As to your observations of the NOAA archive, most of this data is held in the NCDC in Ashville, NC. Primarily, NOAA will make their analysis and then store the data at that center instead of maintaining it on their active systems. ((The only data I have seen NOAA store locally appeared to be data from systems such as the TOMS experimental package in relation to Ozone density measures.) I suspect you are likely already aware of this)
As to your observations of the Arctic warming, NASA generated a great report on this past summer and though I feel they needed to do a joint analysis with NOAA, they did a great job of demonstrating the character of the ice pack reduction. Based on the data I was looking at from NOAA at the time the Bermuda High that normally sets up around 38 Deg. N and 68 Deg. W was about 42 Deg. N and about 54 Deg. W most of last summer. This made me consider that much of the apparent warming that was occurring in the Barents Sea region may have been related to the NAO driven winds or a North Atlantic Drift eddy coming from a warm Gulf Stream.
There does remain another question though in relation to the apparent Arctic warming and that relates to the concern of the polar ice cover reduction. The NASA paper indicated much of the issue could be related to the winds stacking up the ice in pressure floes. However, when I looked at the satellite photos I did not see significant pressure ridge formations on the windward side of most of the ice pack.
This brought me back to a much earlier discussion regarding the possible causes of the demonstrated ice pack “melt”. If there did not seem to be issues of excessive heat in the water and there did not seem to be significant pressure ridge formation from increased winds on thinner ice, what could be driving the loss. That begins to demonstrate where the focus on radiative increase becomes a major question for me in researching climate change.
Dave Cooke
Ike Solem says
#348,
L. David Cooke,
Your questions about the radiative balance have been addressed years ago, as I pointed out multiple times – in fact, what you are doing is dredging up discredited arguments from decades past and presenting them as something new. See my recent post at Human Hand on Climate for the details.

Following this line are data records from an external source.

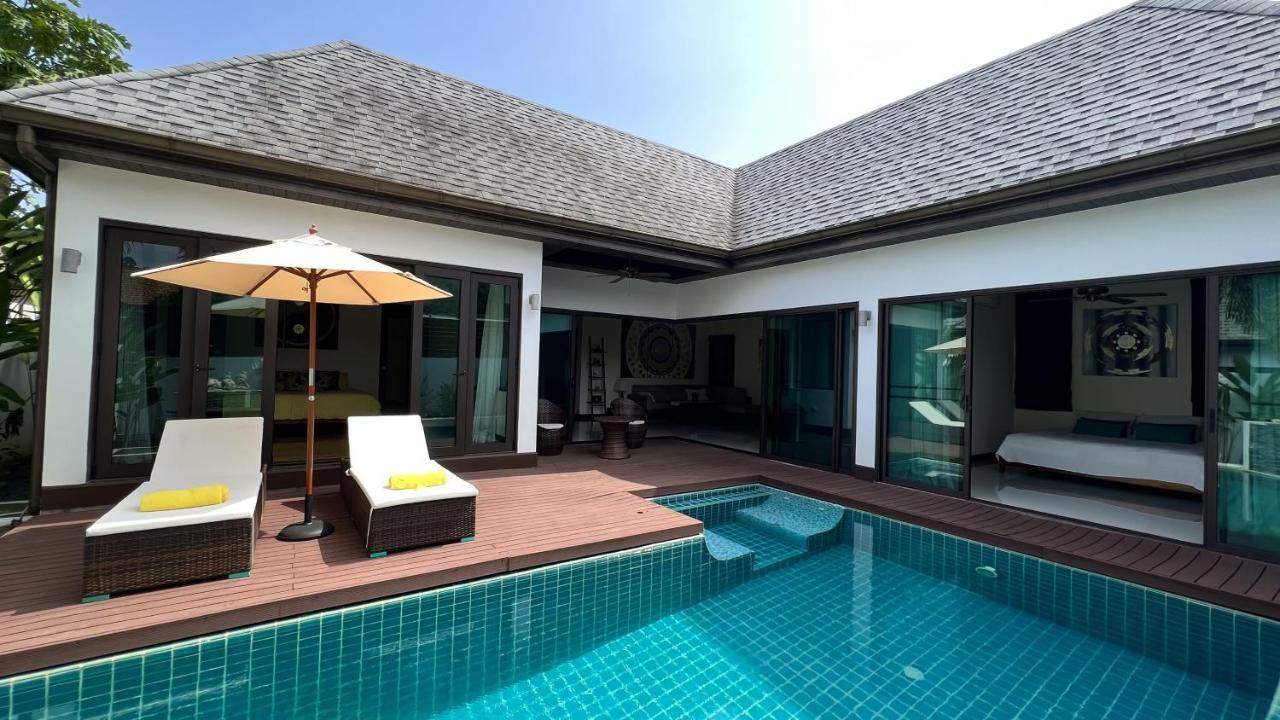 Plunge Tropic Villas 2 Naiharn Rawai Bagian luar foto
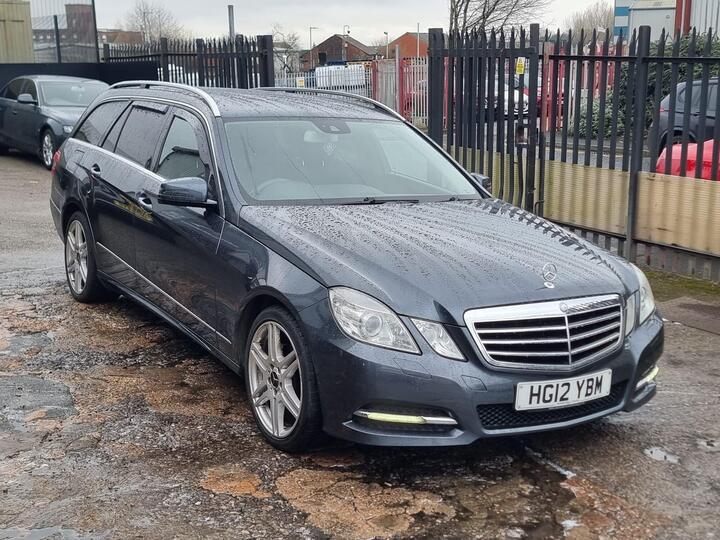 Mercedes-Benz E Class 2.1 E220 CDI BlueEfficiency Avantgarde G-Tronic+ Euro 5 (s/s) 5dr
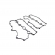 Kit Junta Tampa Valv. Elring 898.610 e 898.620 - Cód.11077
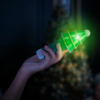 Kép 7/8 - Karácsonyi LED lámpa - színes LED-es - 13,5 cm - 3 féle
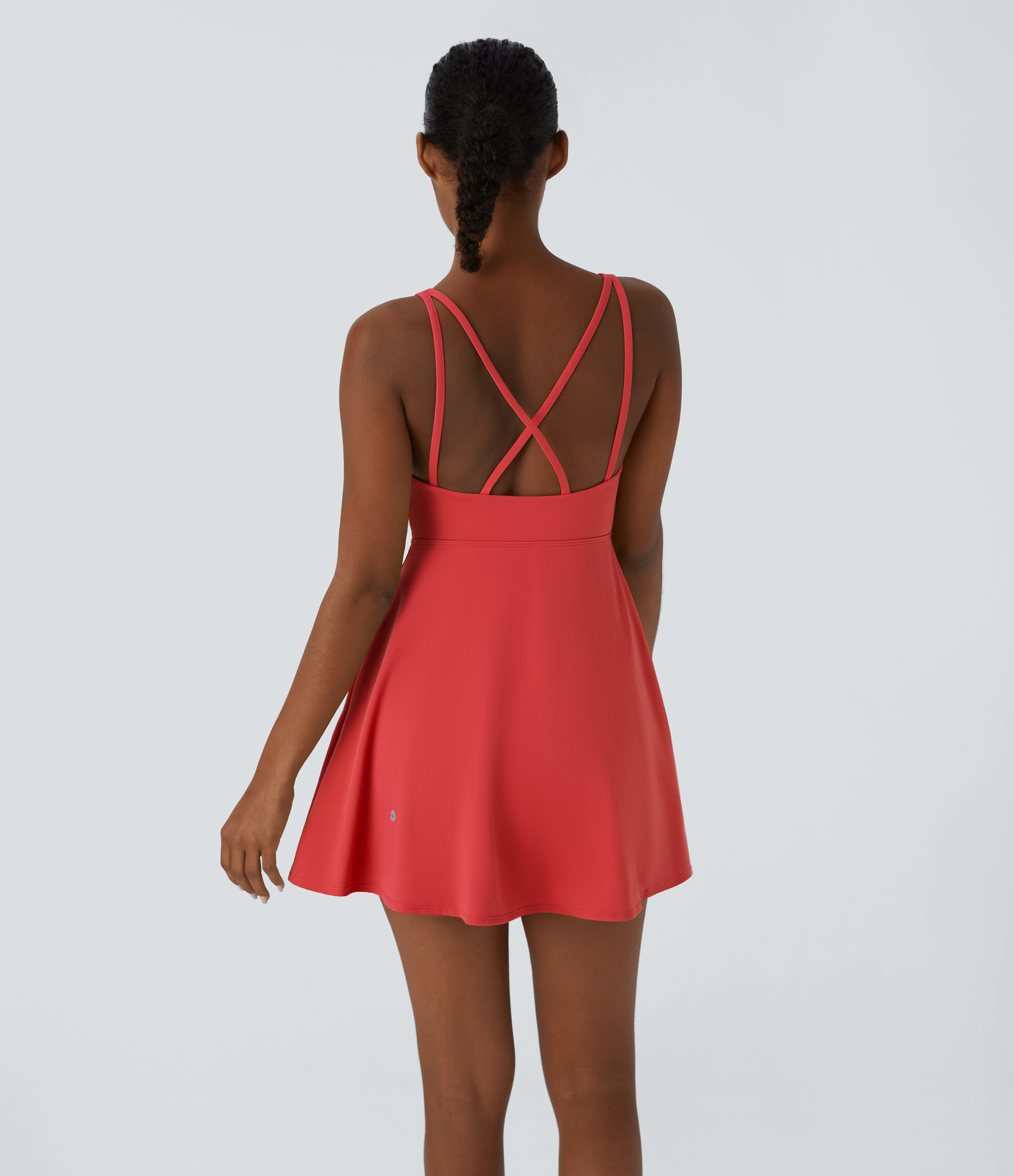 Plush 2-Piece Pocket Dance Active Dress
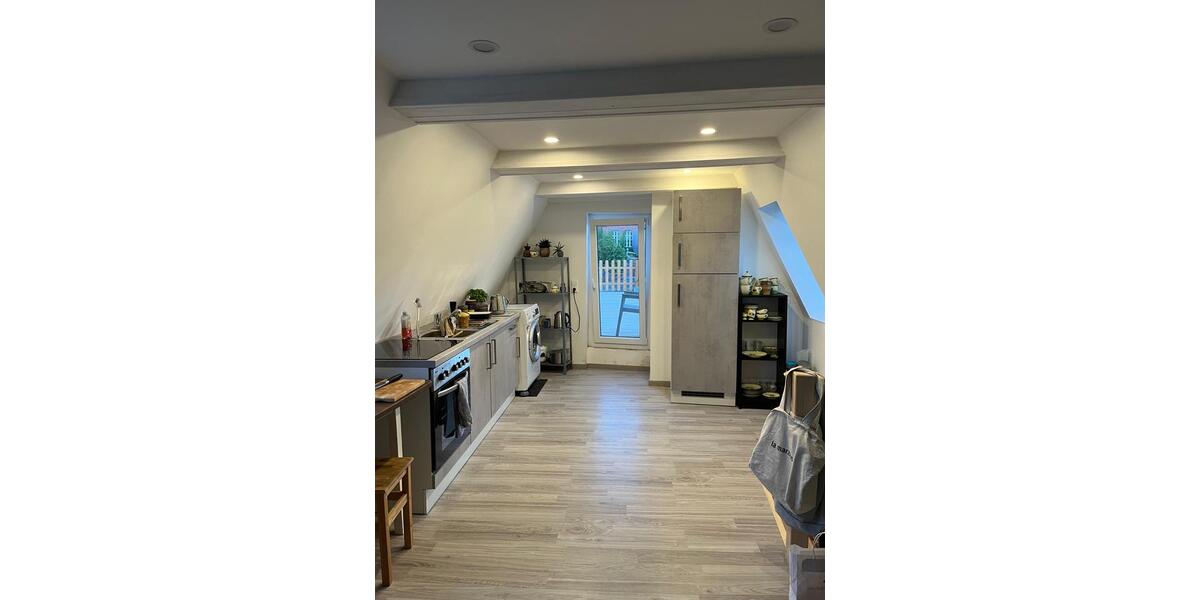 bezaubernde Stadtwohnung m. großer Dachterrasse 1 zimmer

As far as ‘wind piling up the ice’; that’s more nonsense – as previously posted, here’s the relevant reference:
http://psc.apl.washington.edu/thinning/Rothrock_Thinn.pdf
“In summary, ice draft in the 1990s is over a meter thinner
than two to four decades earlier. The mean draft has
decreased from over 3 m to under 2 m, and volume is down
by some 40%. The thinning is remarkable in that it has
occurred in a major portion of the perennially ice-covered
Arctic Ocean. This is not a case of thicker ice appearing
in one region simultaneously with thinner ice appearing in
another, induced perhaps by a change in surface winds and
ice advection.”
Finally, your attempt at justifying NOAA’s behavior with respect to the calculation of anomalies is also nonsensical – why do they not show the large warming anomaly in the Arctic that is so obviously visible in the Australian BOM anomaly map? It looks like deliberate manipiulation to me, or at the very least exclusion of part of the dataset – and that’s not clean science.
Here’s the most recent versions (jan 2007)
NOAA: http://www.emc.ncep.noaa.gov/research/cmb/sst_analysis/images/wkanomv2.png
BOM: http://www.bom.gov.au/bmrc/ocean/results/SST_anals/SSTA_20070121.gif
L. David Cooke says
RE: #349
Hey Ike;
My question is why do you assume that the BOM is correct?